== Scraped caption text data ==
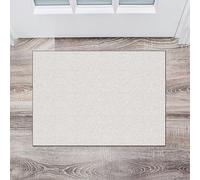 CUIMEI Alfombra Vinilica 50 x 60 cm Antideslizante y Lavable Tapete Impermeable con revés Antideslizante para pasillos salita y entradas, Blanco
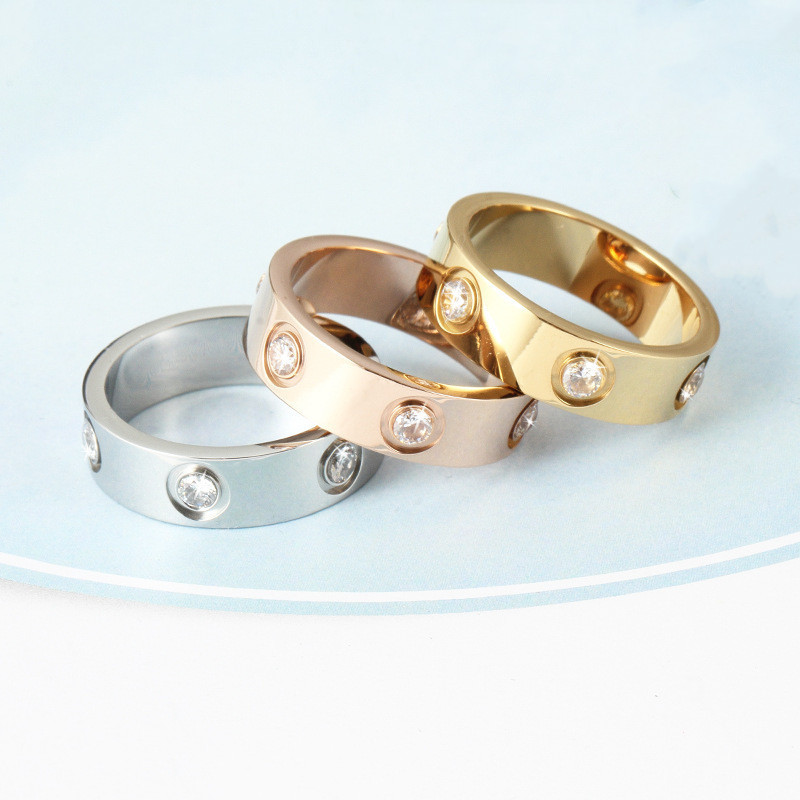 Titanium Stainless Steel Lovers Rings for Women Men Jewelry Couples Cubic Zirconia Wedding Ring
Titanium Stainless Steel Lovers Rings for Women Men Jewelry Couples Cubic Zirconia Wedding Ring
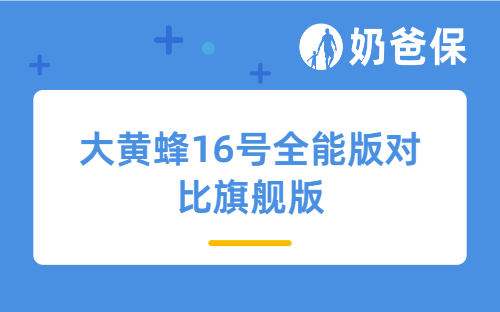 大黄蜂16号全能版vs旗舰版：保障差在哪？一篇说清怎么选不踩坑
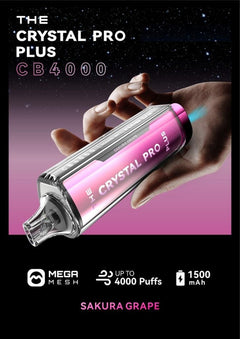 Crystal Pro PLUS 4000 Puffs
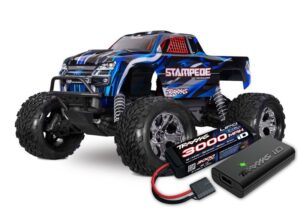 Traxxas Stampede 1/10 2wd Sinine Monster Truck koos aku ja laadijaga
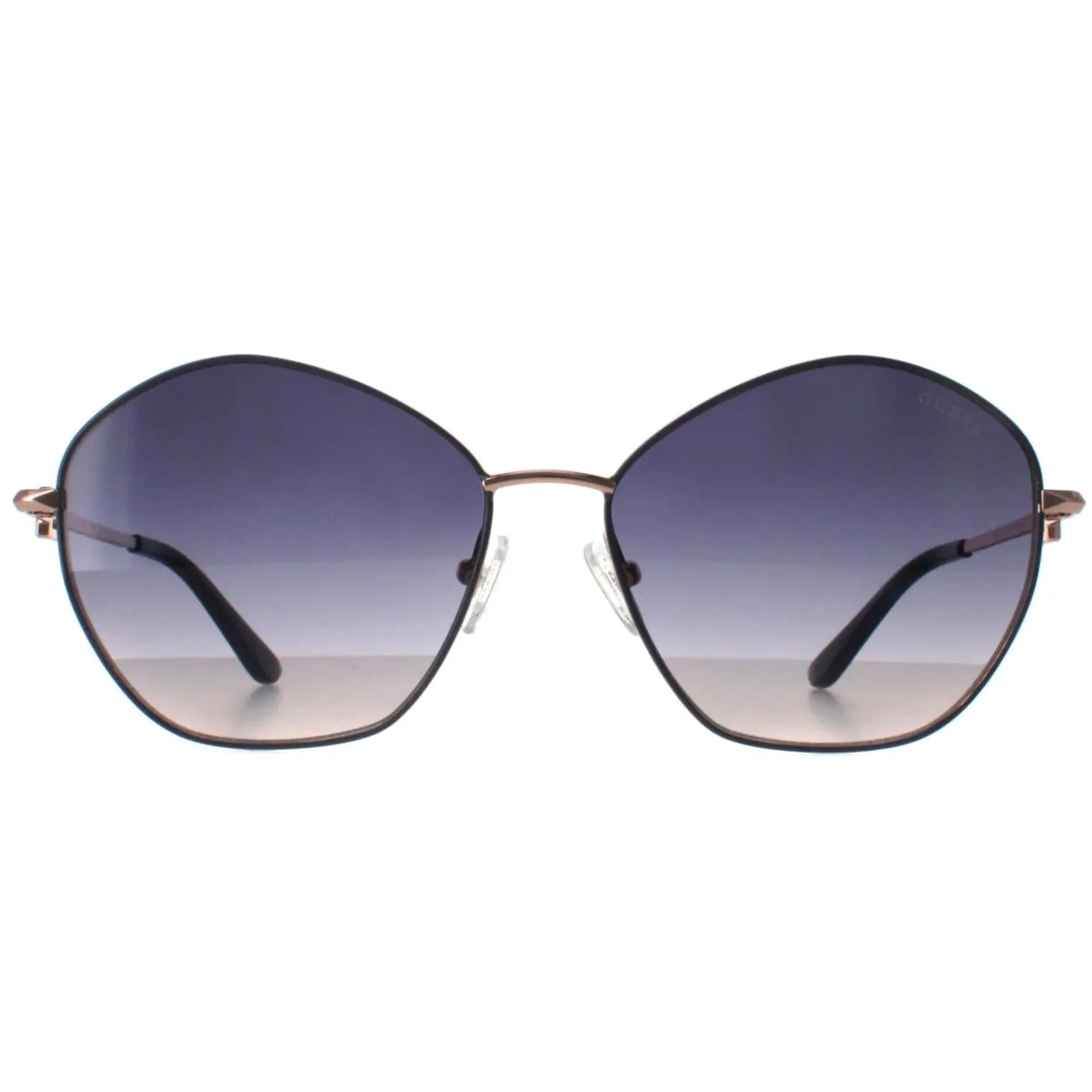 Guess Sunglasses GU7907 20B Shiny Grey Gold Smoke Gradient
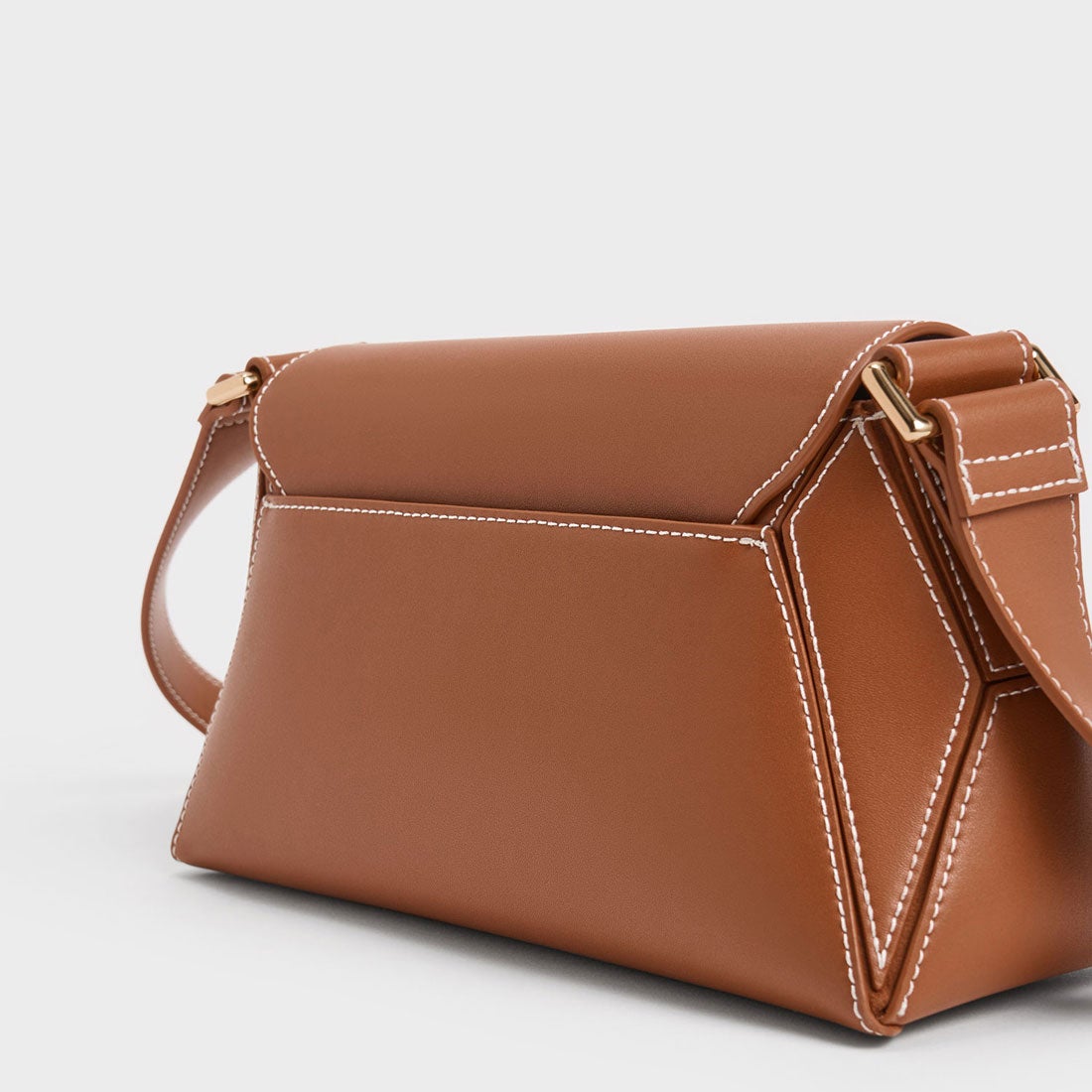 CHARLES & KEITH Nasrin ナスリン ジオメトリックショルダーバッグ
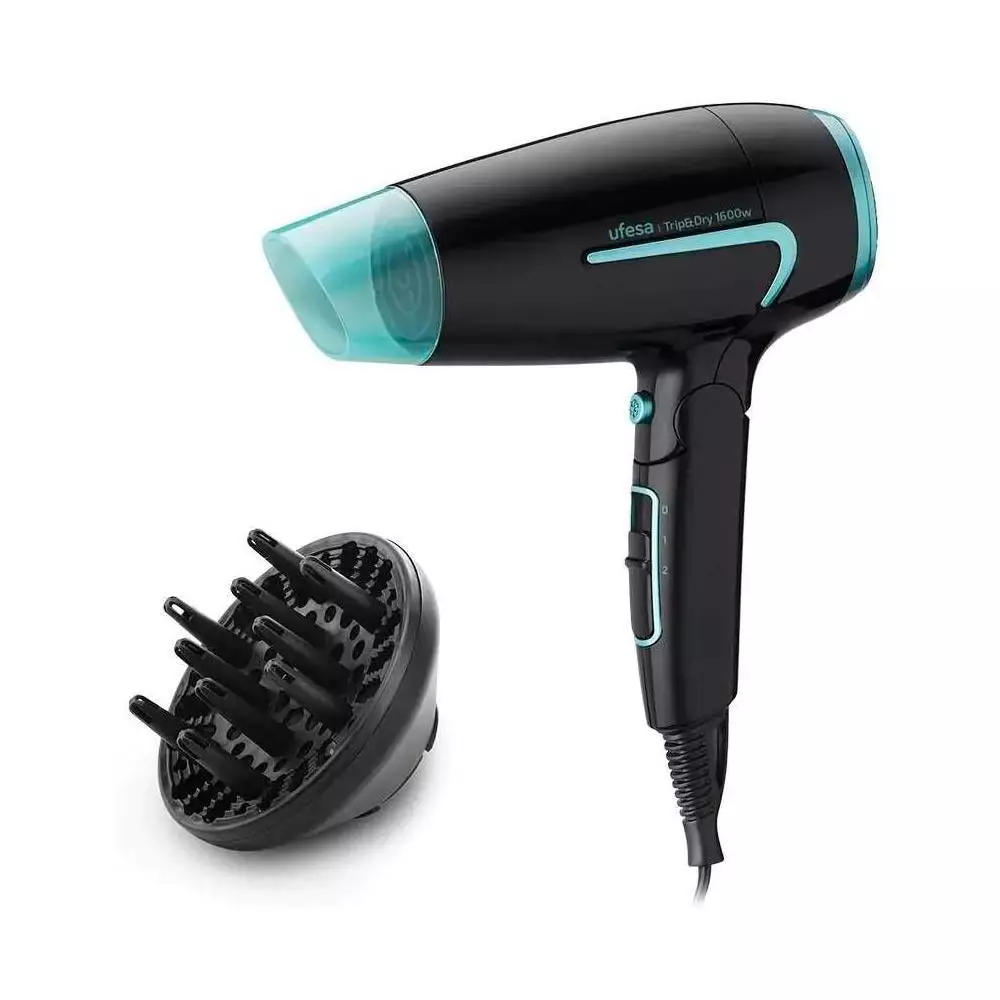 Secador de pelo de Viaje Ufesa 60305640 1600 W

== PROBLEM STATEMENT ==
Set the records down again exactly, with no pictures.

== ANSWER TO THIS TASK ==
 CUIMEI Alfombra Vinilica 50 x 60 cm Antideslizante y Lavable Tapete Impermeable con revés Antideslizante para pasillos salita y entradas, Blanco
 Titanium Stainless Steel Lovers Rings for Women Men Jewelry Couples Cubic Zirconia Wedding Ring
Titanium Stainless Steel Lovers Rings for Women Men Jewelry Couples Cubic Zirconia Wedding Ring
 大黄蜂16号全能版vs旗舰版：保障差在哪？一篇说清怎么选不踩坑
 Crystal Pro PLUS 4000 Puffs
 Traxxas Stampede 1/10 2wd Sinine Monster Truck koos aku ja laadijaga
 Guess Sunglasses GU7907 20B Shiny Grey Gold Smoke Gradient
 CHARLES & KEITH Nasrin ナスリン ジオメトリックショルダーバッグ
 Secador de pelo de Viaje Ufesa 60305640 1600 W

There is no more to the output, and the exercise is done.